Öğrencilerin duygusal ve sosyal becerileri konusunda bir politika bulunmamaktadır. Duyarlı okul müdürleri ( Lefkoşa Türk Lisesi örneği) okullarında kulüpler oluşturup yapmaktadırlar. Duygusal ve sosyal faaliyetleri geliştirmek için okullarda eskiden eğitsel kol faaliyetleri yapılıyordu. Akademik çalışmalarda ise eskiyi tekrarlamaktan başka bir şey yapılamamaktadır. Yapılacak çalışmaların Türkiye ve küresel eğitim reform hareketinin oluşturduğu eğitim sistemlerine uyumlu olmalıdır. Hatırlarsanız eskiden öğrencilerde tarım dersi vardı ve öğrenciler aşılamayı bile öğreniyorlardı. Uygulamalı tarım eğitimi yapmadığınız zaman öğrencinin toprağa saygınlığı azalmaktadır (Tarımın pandemi de ne kadar etkili olduğu görülmüştür)(1974 -1990 de uygulanan eğitim politikalarına bakınız lütfen)

Öğretmen yetiştirme yönteminde ise teoriye ağırlık verip uygulamaya fazla önem vermiyoruz. Öğretmen alımlarında ise öğretmen adaylarının akademik bilgisine bakarak atama yapıyoruz. Öğretmen adayının kişiliğinin öğretmenliğe uygun olup olmadığına ve alanın öğretme bilgisine bakmıyoruz. Bazı ülkeler bu görevi üniversiteler bırakmıştır. Eğitim fakültelerinde eğitime başlarken öğrencinin akademik değil kişiliğinin de öğretmenlik mesleği ile örtüşmesi gerekmektedir( Finlandiya örneği). Eğitimde başak olan öğretmendir. Öğretmen yetiştirmeye önem verilmezse topluma önem vermiyoruz demektir.

Okul yönetici yetiştirme programımız yok. Ortak hizmetler dairesinin kursları olmasına rağmen yeterli olmamaktadır. Yönetici olmak için eğitim yönetimi ve denetimi yüksek lisansının olması zorunlu değil ama gereklidir. Yeterli belgeye sahip olması yeterli değil uygulamada da değerlendirme yapılmalıdır.

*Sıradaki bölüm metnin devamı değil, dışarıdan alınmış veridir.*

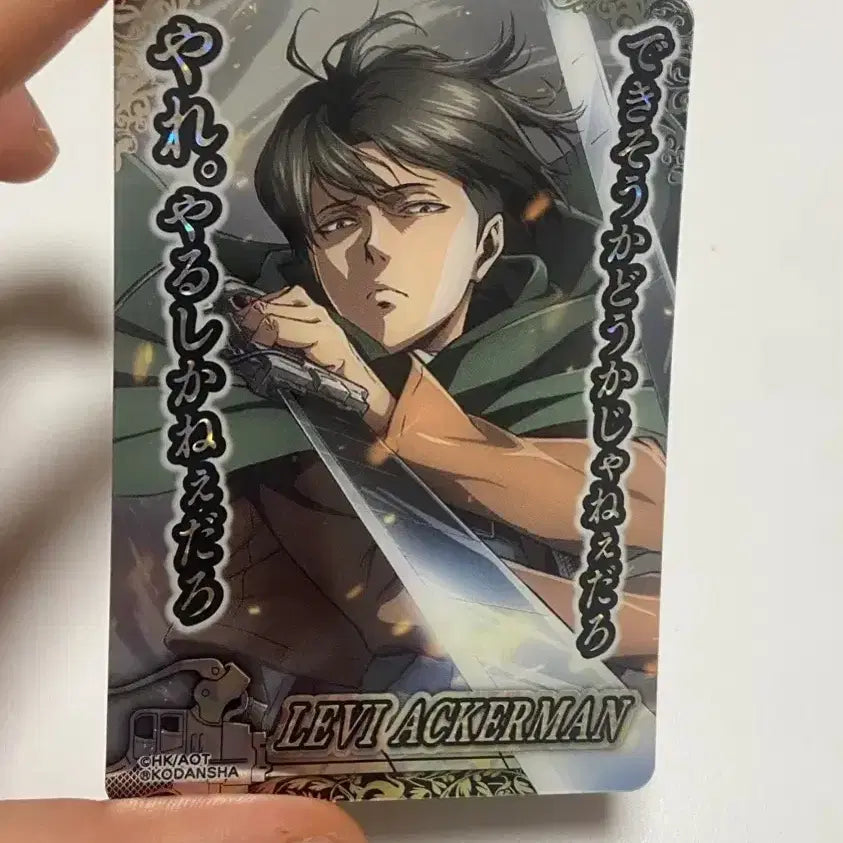 [BUNJANG] Attack on Titan Levi Ackerman Collector&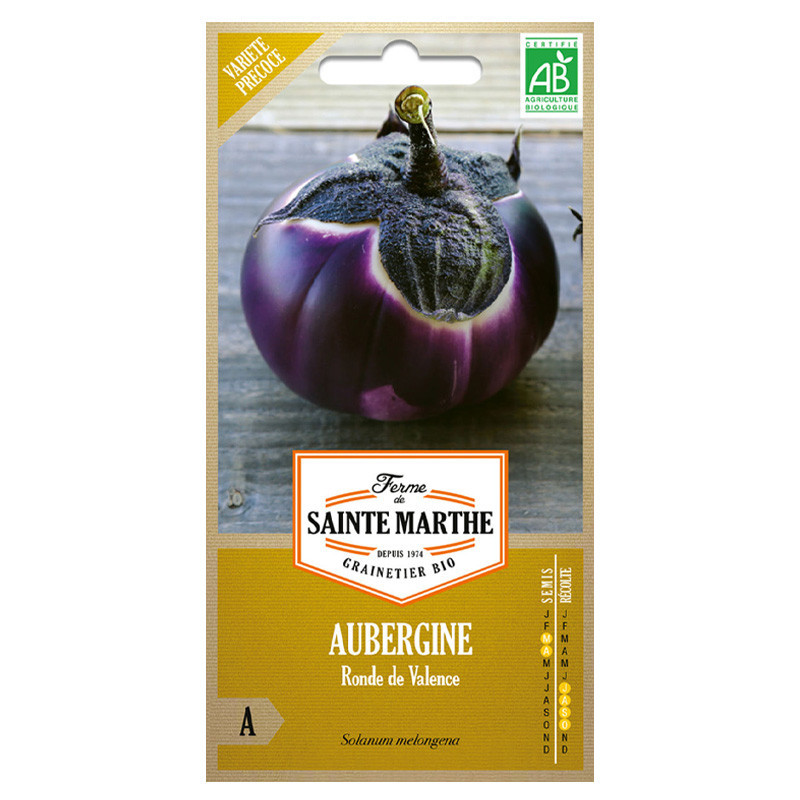 Aubergine ronde de Valence - 50 graines AB - La ferme Sainte Marthe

Eğitim politikalarının birey, toplum ve konu bazlı olduğunu yazmıştık. Konu bazlı olarak Kıbrıs adasının kıyılarının % 56 sı KKTC’nin toprağıdır. Ada’da denizcilik meslek lisesi kurulabilir. İTÜ gibi bir okulun Kıbrıs’ta bulunmasını avantaja çevirerek deniz ile çalışmalar yapılabilir. Diyebilirsiniz var olanı idare edemedik bir de denizcilik bize büyük gelir. Var olduğu toprağa, denize yabancı olan toplumlar, bulundukları ortama aidat duygusu taşımazlar.

Politika uygularken demografik yapı önemlidir. Demografik yapıdaki değişimler dikkate alınmalıdır.  Demografik yapı derken, nüfus, iş gücü piyasası, yoksulluk, göç (kimlik) , kozmopolit vatandaşlık ( çok kültürlü eğitim ) gibi konuları dikkate alarak yöresel ya da genel anlamda bir eğitim politikası oluşturulmalıdır. Yabancı uyruklu öğrencilere Türkçe eğitimi başlamıştır ama yeterli değildir. Ek olarak kültür boyutunu da katmalıyız. Yabancı öğrenciler oryantasyondan geçirilmelidir (göstermelik değil).

Hiç bir parti ebeveyn eğitiminden bahsetmemiştir. Bu konudaki duyarsızlık pandemi de daha da belirgin olmaya başlamıştır. Ebeveyn konusunda genel ve bölgesel politikalar oluşturulmalı ve aktif hale getirilmelidir. Bu konuda rehber öğretmenlerinden, sivil inisiyatiften ve üniversitelerden destek alınabilir.